Even without any specific tax-reform proposals, President Donald Trump’s pledge to revamp U.S. policies is already affecting the solar industry, and not in a good way.
“It’s causing disruptive effects on finance,” Abigail Ross Hopper, president and chief executive officer of the Solar Energy Industries Association, said in an interview Monday at Bloomberg New Energy Finance’s Future of Energy Global Summit in New York. “Costs are going up.”
After Trump’s surprise victory in November, clean-energy proponents worried that the prospect of tax reform would slow wind and solar finance. Investors, they said last year, might opt to wait out the uncertainty. Instead, activity may be accelerating — at least in solar — as developers and investors rush to get deals done before the corporate rate falls.
But developers may have to pay more than they would have before the election.
Part of the reason for the rush: lower corporate tax rates may deplete the supply of tax equity, an esoteric but critical source of financing for wind and solar farms.
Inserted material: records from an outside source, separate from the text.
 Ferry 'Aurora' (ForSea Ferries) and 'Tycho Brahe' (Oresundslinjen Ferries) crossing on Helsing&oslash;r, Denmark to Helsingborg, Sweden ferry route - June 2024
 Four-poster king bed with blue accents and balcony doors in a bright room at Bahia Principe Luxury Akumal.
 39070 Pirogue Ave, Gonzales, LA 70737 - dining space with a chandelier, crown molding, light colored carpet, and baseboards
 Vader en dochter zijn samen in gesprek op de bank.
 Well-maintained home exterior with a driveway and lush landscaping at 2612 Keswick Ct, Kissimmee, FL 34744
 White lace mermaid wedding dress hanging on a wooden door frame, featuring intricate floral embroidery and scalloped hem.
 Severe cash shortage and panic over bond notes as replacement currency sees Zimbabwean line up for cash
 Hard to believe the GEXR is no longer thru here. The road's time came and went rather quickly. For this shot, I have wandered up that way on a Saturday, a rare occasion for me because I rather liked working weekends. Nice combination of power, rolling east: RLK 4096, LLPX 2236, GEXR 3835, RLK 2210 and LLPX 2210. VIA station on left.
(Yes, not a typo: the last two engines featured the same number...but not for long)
In such deals, clean-energy developers sell a portion of their projects’ tax credits to companies — often banks and some insurance companies — that can apply the federal credits to their own tax bills. If tax rates fall, investors would have less need for write-offs.
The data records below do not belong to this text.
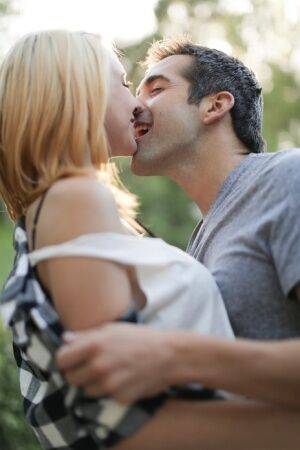 Blonde girl Cece Capella and Donnie Rock kiss with their clothes on outdoors on picsofsex.com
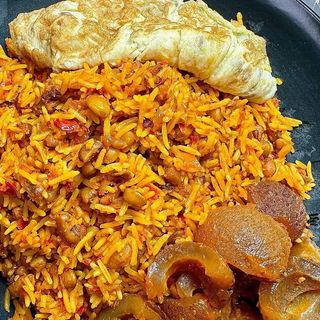 Jollof rice, fried egg and pomo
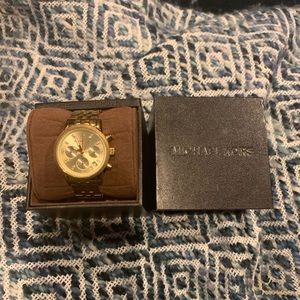 Michael Kors women’s gold watch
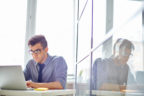 Male employee browsing in laptop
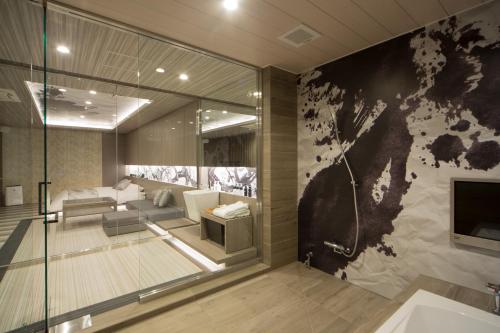 a living room with a large glass wall at WA HOTEL TIMELESS RESORT - Adult Only in Wakayama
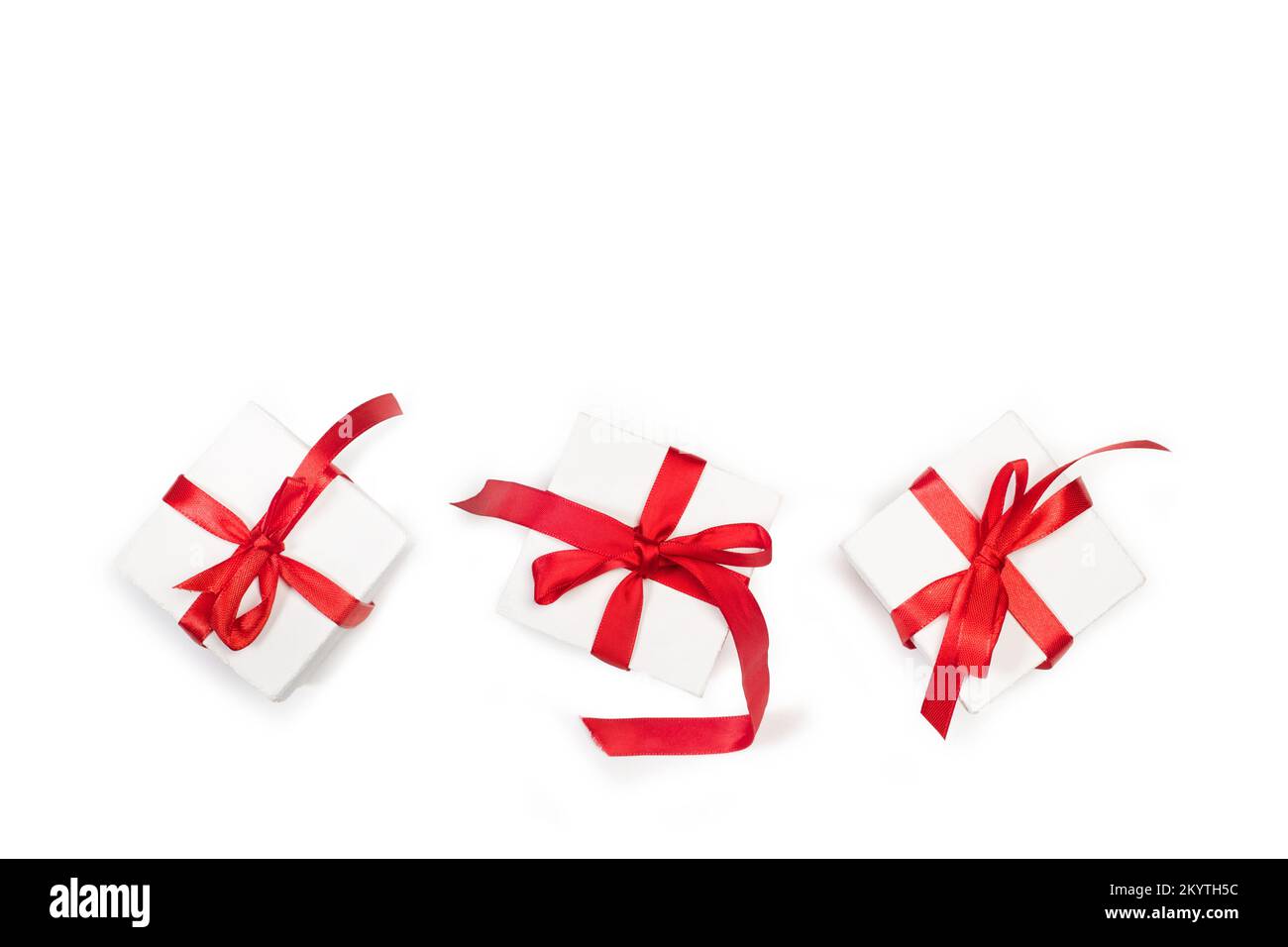 Three white boxes with red bows on a white background with copy space Stock Photo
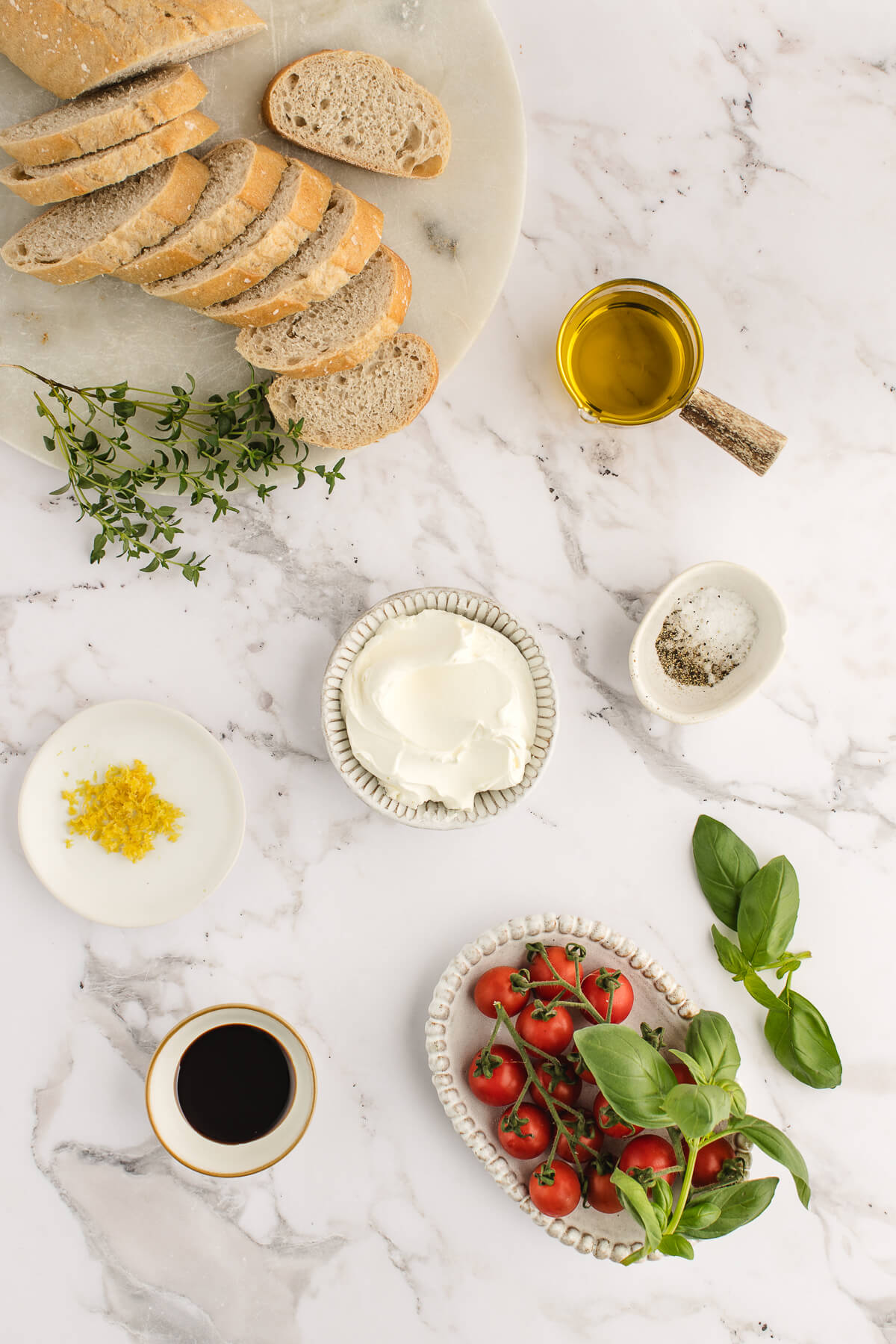 crostini flat lay An overhead photo of the ingredients for whipped ricotta crostini with cherry tomatoes. Clockwise from the top: sliced baguette, olive oil, salt and pepper, basil, cherry tomatoes, balsamic, ricotta, and fresh thyme.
Many deals this year are priced assuming corporate tax rates of 25 percent, or even 20 percent. If the rates go lower, financing packages may no longer be as economical for developers, said Daniel Shurey, a New Energy Finance analyst in New York.
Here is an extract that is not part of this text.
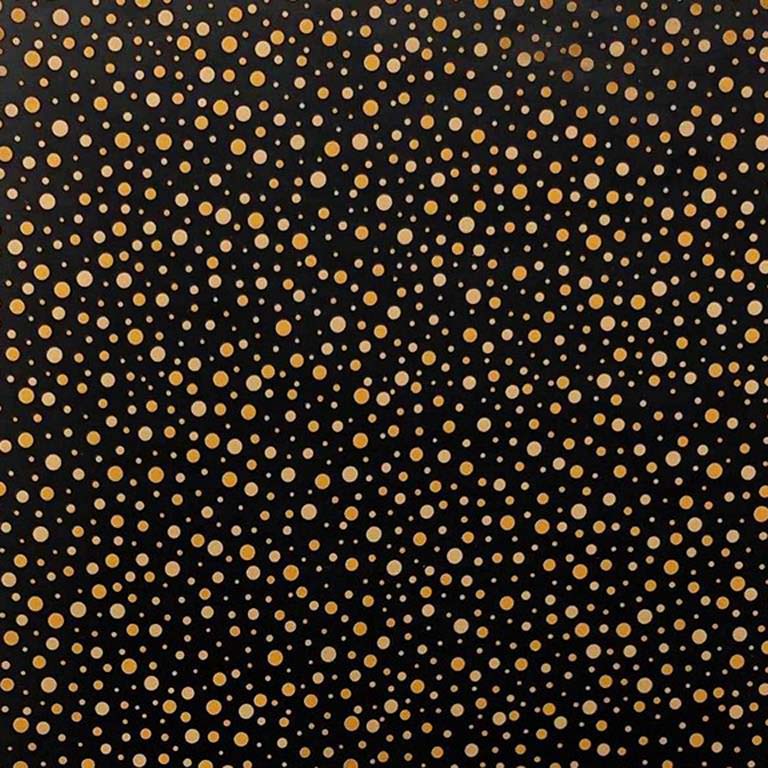 Gift wrapping paper mirror shiny gold dots on a matte black background.
 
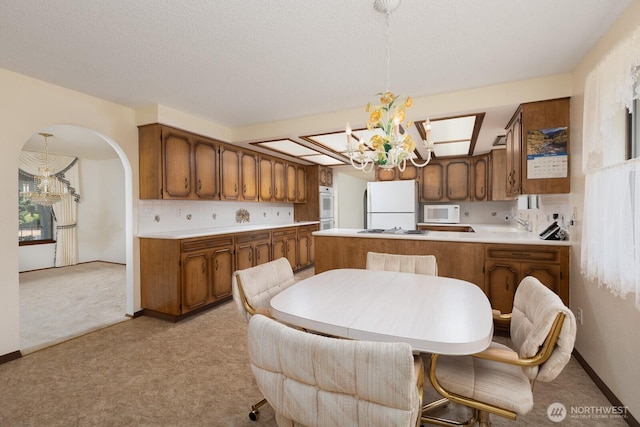 9802 124th St E, Puyallup, WA 98373 - kitchen with a chandelier, white appliances, and light colored carpet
“I’ve heard of a number of sponsors who’ve had to end deal negotiations this year because the terms would have pushed the project under water,” he wrote in an email Monday. “They all blame stipulations added by fears of tax reform.”
Solar tax equity totaled about $5 billion last year. There are more than 35 companies that invest in tax equity.
The rush may not be necessary. While Trump, in the run-up to his election, proposed dropping the corporate tax rate to as low as 15 percent from 35 percent, there’s mounting doubt that tax reform will be resolved anytime soon — if at all. Trump still favors a 15 percent corporate tax rate, according to a White House official.
“Every week is: ‘this is going to be the week for tax reform,’” said Hopper, who cited the uncertainty surrounding tax reform as the biggest federal concern for the industry.
Jacob Susman, a Brooklyn-based vice president at EDF Renewable Energy, said in an interview Monday that he’s concerned that deals are becoming more conservative.
“The feeling is, ‘man, tell me what the future is going to be already,’” he said.